The website’s first ever report into the renting of rooms shows that demand went up by 123 percent during the first six months of this year, which is more than double the number of searches conducted via the site during the same period of last year. The website’s data further shows that room rental prices went up by nine percent over the past 12 months, and now sit at an average of €220 a month.
The biggest rises in price were registered in Lisbon and Porto, where a room in a shared property costs around €257 per month and €209 per month respectively.
Research into renter profiles concluded Portugal’s house-sharers are generally aged around 31 and live in city centres, they don’t smoke and don’t have (nor are they allowed) pets.
The majority of Lisbon’s room-renters were closest to the average age group, whereas Coimbra had the youngest tenants, largely due to the city’s vast university student population.
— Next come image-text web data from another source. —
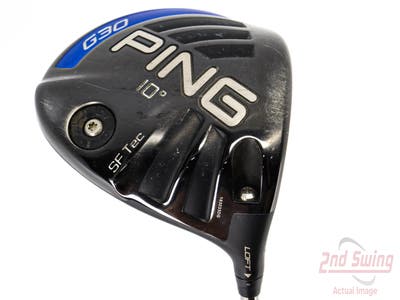 Ping G30 SF Tec Driver 10° Ping Tour 65 Graphite Regular Right Handed 45.75in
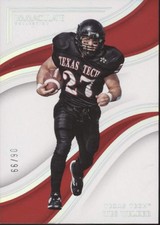 Wes Welker Cards and Autographed Memorabilia Guide 19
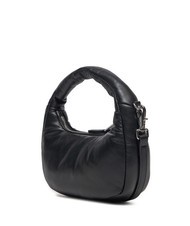 TOMMY HILFIGER TOMMY JEANS PILLOW Sac à bandoulière, avec bandoulière le noir - Sacs pour Femme - 2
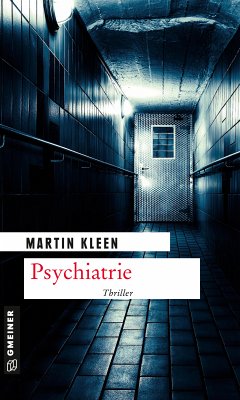 Psychiatrie (eBook, PDF) - Kleen, Martin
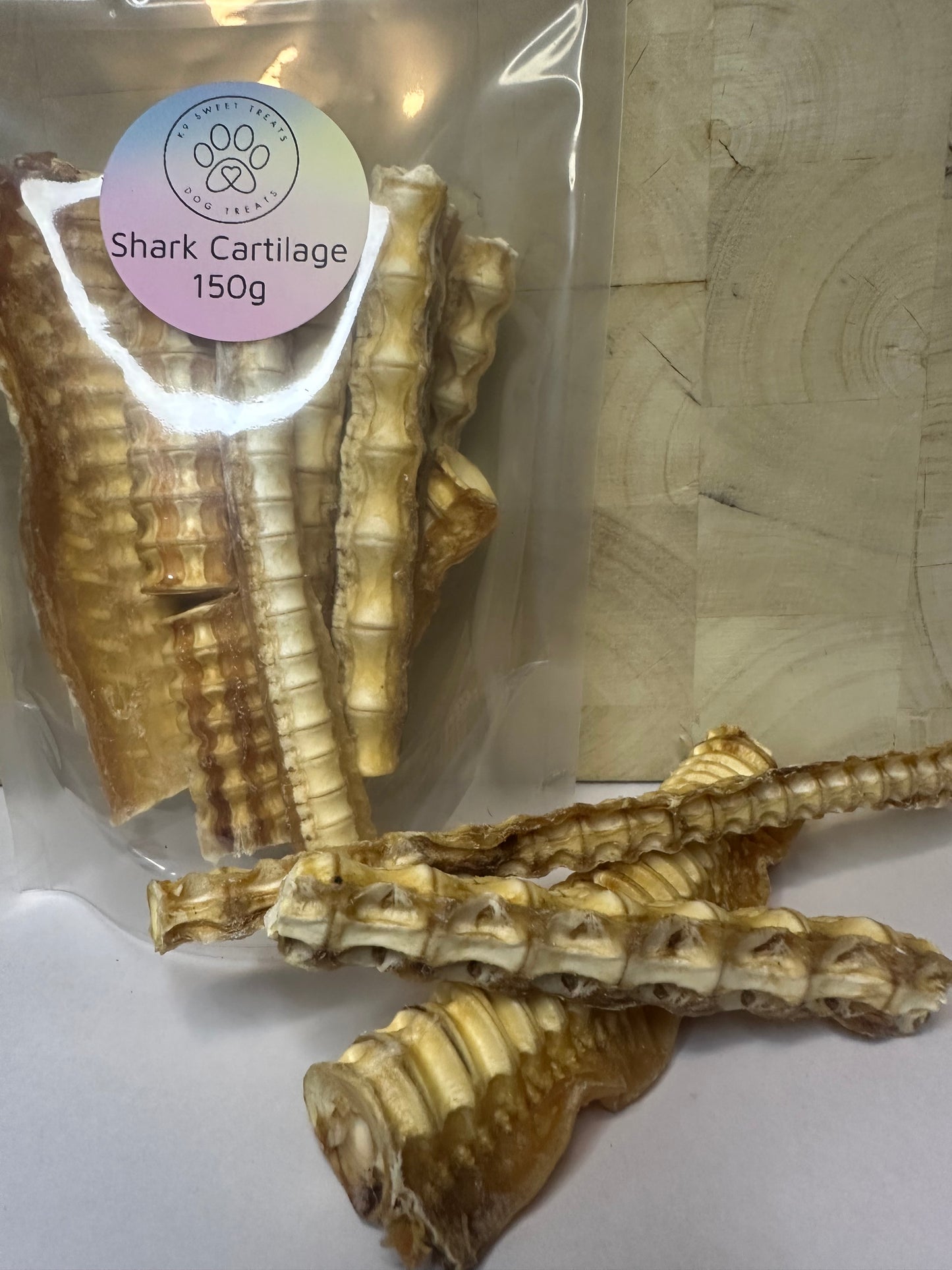 Shark Cartilage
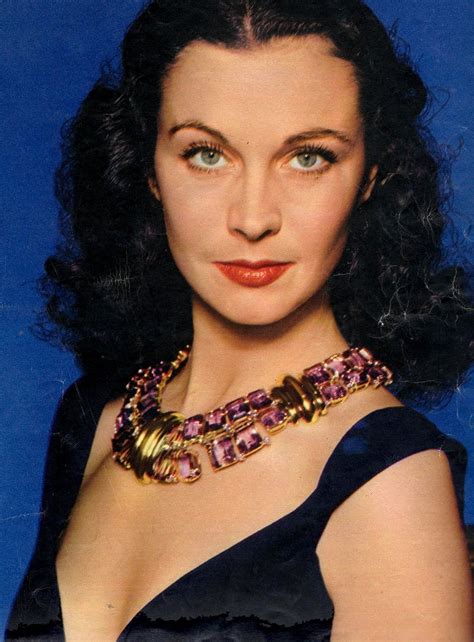 Precious Legacy: Vivien Leigh's Fortune and Everlasting Impact
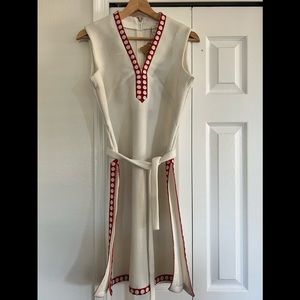 Vintage Wit Tell 60’s textured tunic, excellent condition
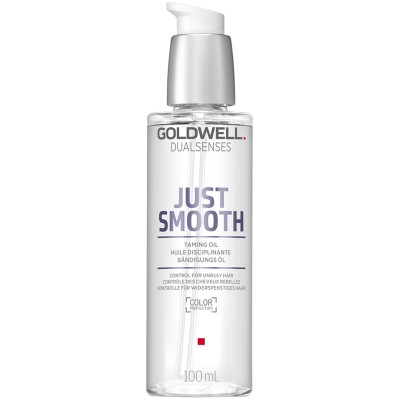 Goldwell Dualsenses Just Smooth (Taming Oil) 100 ml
“Ninety-three percent of households have tenants of both sexes, six percent house only females and one percent are exclusively male,” reads the report, which indicates that the rental of rooms is no longer an option limited to students.
The renting of rooms is, the report claims, now “also the option chosen by young people starting out on the labour market, and in some cases even later on.”
“On the other hand, home-sharing continues to be a stimulus for many young people wanting to be independent and leave the parental home, a trend that is expected to increase in coming years,” the analysis of Idealista’s study elaborates.